> [Task instructions]
Give back, word for word, the lines in the listing below from the one holding "Before and after, was" down to the one holding "a pool with", both ends included.

> [Supplied records]
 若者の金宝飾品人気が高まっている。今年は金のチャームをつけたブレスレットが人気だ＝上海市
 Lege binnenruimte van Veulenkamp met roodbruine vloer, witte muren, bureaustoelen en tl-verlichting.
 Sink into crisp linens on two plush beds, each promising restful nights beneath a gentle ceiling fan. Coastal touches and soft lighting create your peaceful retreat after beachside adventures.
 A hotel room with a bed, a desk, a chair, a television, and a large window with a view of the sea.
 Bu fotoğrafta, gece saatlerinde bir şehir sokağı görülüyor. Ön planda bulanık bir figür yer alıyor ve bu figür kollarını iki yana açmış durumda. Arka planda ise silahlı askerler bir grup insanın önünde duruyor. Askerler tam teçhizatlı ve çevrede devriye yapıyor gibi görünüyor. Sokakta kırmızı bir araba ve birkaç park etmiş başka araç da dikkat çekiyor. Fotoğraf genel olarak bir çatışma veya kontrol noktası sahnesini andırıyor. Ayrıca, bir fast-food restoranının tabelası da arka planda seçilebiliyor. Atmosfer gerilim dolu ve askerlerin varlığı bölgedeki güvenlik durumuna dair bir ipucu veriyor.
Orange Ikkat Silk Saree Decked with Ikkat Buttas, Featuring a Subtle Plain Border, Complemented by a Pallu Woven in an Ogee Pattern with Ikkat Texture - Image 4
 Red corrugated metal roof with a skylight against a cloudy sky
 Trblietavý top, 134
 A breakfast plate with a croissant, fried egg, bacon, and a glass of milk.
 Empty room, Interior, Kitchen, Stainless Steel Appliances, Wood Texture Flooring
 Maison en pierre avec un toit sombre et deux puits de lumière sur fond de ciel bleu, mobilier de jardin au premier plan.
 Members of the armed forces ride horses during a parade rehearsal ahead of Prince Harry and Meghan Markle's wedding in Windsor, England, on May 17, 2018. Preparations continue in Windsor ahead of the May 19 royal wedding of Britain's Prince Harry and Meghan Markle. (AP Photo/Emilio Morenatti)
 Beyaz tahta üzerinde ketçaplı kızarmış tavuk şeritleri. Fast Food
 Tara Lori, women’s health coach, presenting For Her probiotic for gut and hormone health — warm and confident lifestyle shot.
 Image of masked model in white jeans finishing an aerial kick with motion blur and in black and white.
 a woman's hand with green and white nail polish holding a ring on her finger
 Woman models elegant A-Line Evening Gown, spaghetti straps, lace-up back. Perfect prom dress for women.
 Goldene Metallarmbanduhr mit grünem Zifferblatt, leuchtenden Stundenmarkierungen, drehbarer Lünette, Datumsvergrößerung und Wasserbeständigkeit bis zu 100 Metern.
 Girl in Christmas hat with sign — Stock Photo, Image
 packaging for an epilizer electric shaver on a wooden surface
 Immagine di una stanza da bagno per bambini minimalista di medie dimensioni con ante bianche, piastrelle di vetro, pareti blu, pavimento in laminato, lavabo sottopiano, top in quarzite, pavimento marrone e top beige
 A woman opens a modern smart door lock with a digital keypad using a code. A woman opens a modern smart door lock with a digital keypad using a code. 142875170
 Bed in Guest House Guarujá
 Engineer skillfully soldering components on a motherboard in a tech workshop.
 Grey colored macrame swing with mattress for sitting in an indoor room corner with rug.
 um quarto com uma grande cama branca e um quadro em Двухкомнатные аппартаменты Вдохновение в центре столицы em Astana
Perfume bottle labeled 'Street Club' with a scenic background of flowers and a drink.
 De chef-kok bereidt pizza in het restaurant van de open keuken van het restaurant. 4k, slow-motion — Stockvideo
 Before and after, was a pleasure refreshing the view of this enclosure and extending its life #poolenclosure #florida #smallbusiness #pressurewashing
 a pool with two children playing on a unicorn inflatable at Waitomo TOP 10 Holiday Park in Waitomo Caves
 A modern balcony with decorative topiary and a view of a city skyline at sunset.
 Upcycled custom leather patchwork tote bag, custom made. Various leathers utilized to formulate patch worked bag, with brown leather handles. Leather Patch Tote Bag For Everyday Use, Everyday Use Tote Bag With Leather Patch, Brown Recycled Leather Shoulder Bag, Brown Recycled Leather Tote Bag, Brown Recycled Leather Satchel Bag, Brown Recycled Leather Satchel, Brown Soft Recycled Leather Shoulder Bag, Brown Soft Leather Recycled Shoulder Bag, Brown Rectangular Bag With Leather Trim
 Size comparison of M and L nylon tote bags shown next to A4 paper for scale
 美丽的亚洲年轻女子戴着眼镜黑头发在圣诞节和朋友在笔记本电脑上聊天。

> [Answer section]
 Before and after, was a pleasure refreshing the view of this enclosure and extending its life #poolenclosure #florida #smallbusiness #pressurewashing
 a pool with two children playing on a unicorn inflatable at Waitomo TOP 10 Holiday Park in Waitomo Caves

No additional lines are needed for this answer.